Mais pourquoi franchir 500 km/h est-il si complexe ? La réponse tient dans les lois de la physique. La résistance aérodynamique, qui croît avec le carré de la vitesse, devient gigantesque. À 500 km/h, il faut près de 1 800 chevaux simplement pour vaincre l’air, sans compter les pertes mécaniques. La voiture doit fendre le vent avec une précision extrême : chaque prise d’air, chaque courbure influence la stabilité. C’est pour cela que les hypercars lancées dans cette quête affichent des silhouettes fuselées dignes de prototypes d’avion.

Tests aérodynamiques en soufflerie - Ford Mustang

Les pneus constituent un autre obstacle colossal. À ces vitesses, ils doivent supporter une force centrifuge phénoménale. Michelin, partenaire historique de Bugatti, a conçu des pneus capables de résister à une roue tournant à plus de 5 000 tours par minute, l’équivalent de près de 490 km/h. À cette cadence, chaque centimètre carré de gomme encaisse plusieurs tonnes de force. Le moindre défaut, la moindre bulle d’air dans la structure, et c’est l’explosion immédiate. Ces tests sont réalisés sur des bancs spéciaux développés avec… la NASA.

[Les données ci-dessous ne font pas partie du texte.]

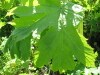 Thumbnail IMG_8122.JPG 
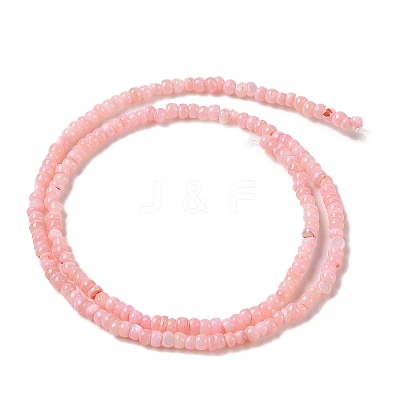 Natural Freshwater Shell Beads Strands SHEL-P017-01B-09-1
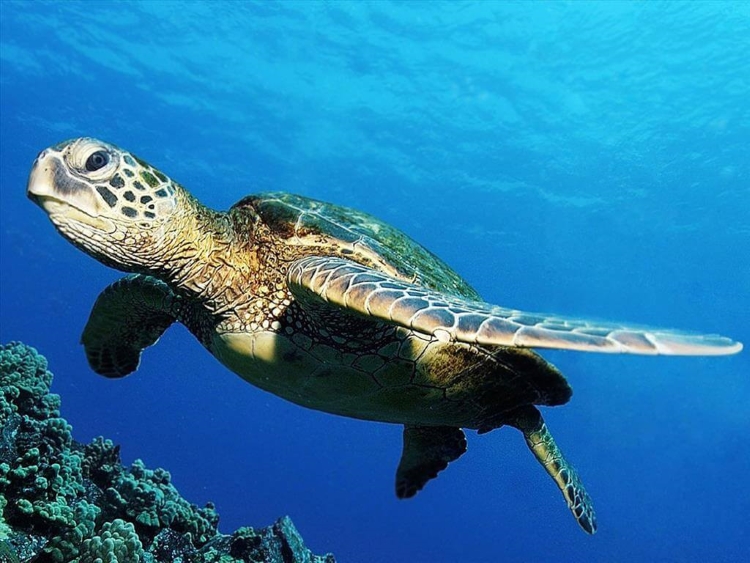 Mơ thấy rùa là điềm tốt hay xấu? Thông điệp giấc mơ thú vị mang đến là gì?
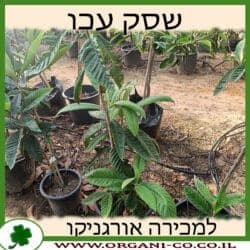 שסק עכו 25 ליטר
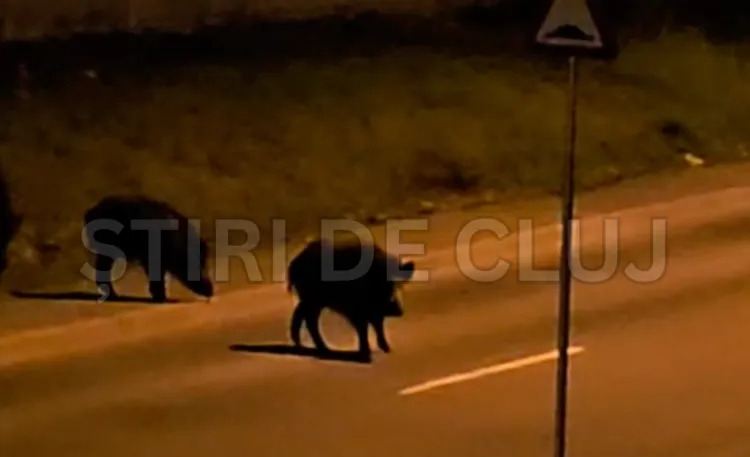 Cluj-Napoca: porcii mistreți au revenit pe străzi și provoacă panică printre locuitori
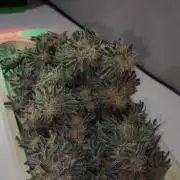 White Widow x Freakshow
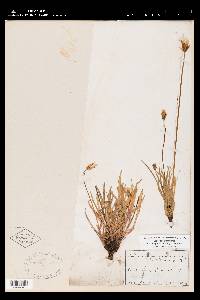 Agoseris aurantiaca var. purpurea image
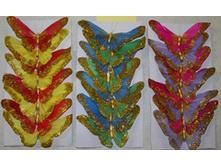 ������� 24�� 315�.jpg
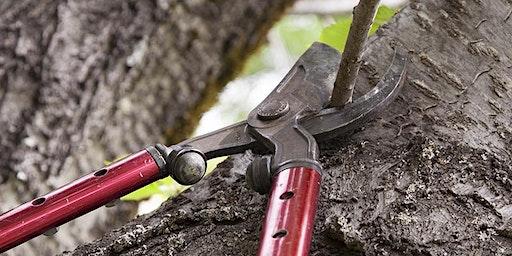 Pruning Fruit Trees for Beginners - Albany, OR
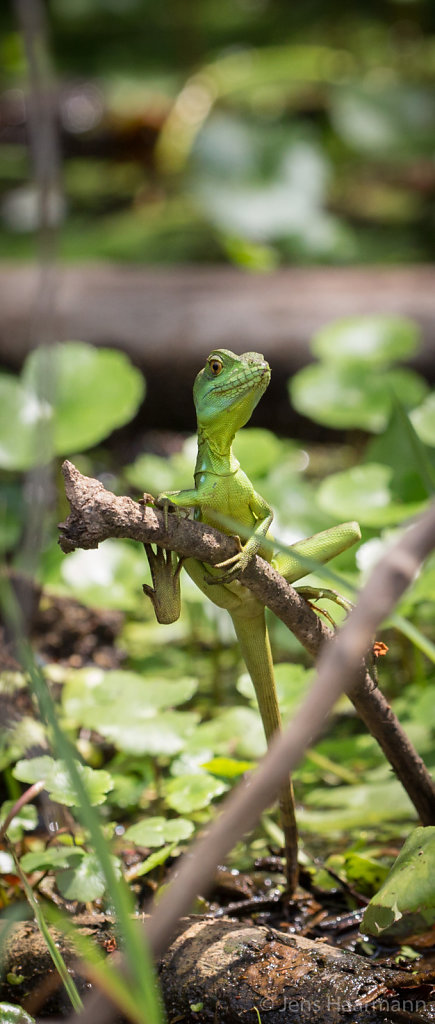 Stirnlappenbasilisk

Bugatti X Michelin Pilot Sport Cup 2

Ce défi rappelle celui d’autres machines terrestres extrêmes. Les véhicules fusées américains, comme le Thrust SSC qui a franchi le mur du son en 1997 avec 1 227 km/h, bénéficient de pneus rigides en aluminium et d’une propulsion par turboréacteur. À l’opposé, les dragsters américains, équipés de moteurs suralimentés dépassant les 10 000 chevaux, tordent littéralement leurs pneus arrière sous l’effet de la puissance. Mais ces bolides n’atteignent leur vitesse folle que sur quelques centaines de mètres, pas sur plusieurs kilomètres comme une hypercar de route.

Dragsters américains - Drag Race

Bugatti, fidèle à son image de pionnier, prépare déjà la suite. Sa nouvelle Tourbillon, présentée en 2024, affiche plus de 1 800 chevaux grâce à son V16 atmosphérique associé à une hybridation légère. Officiellement limitée à 445 km/h pour des raisons de sécurité, son compteur gradué jusqu’à 550 km/h laisse deviner le potentiel théorique. Tout indique que Bugatti prépare un nouvel assaut sur la barre mythique, avec pour objectif affiché : franchir enfin la frontière des 500 km/h.

Compteur Bugatti Tourbillon

Au fond, cette course n’est pas qu’une bataille de chiffres. C’est un bras de fer entre l’homme et les lois de la physique, une manière de repousser toujours plus loin la frontière du possible. Atteindre 500 km/h, c’est entrer dans une dimension où chaque détail compte, où la moindre molécule d’air devient un adversaire, et où l’automobile rejoint le domaine de l’aéronautique.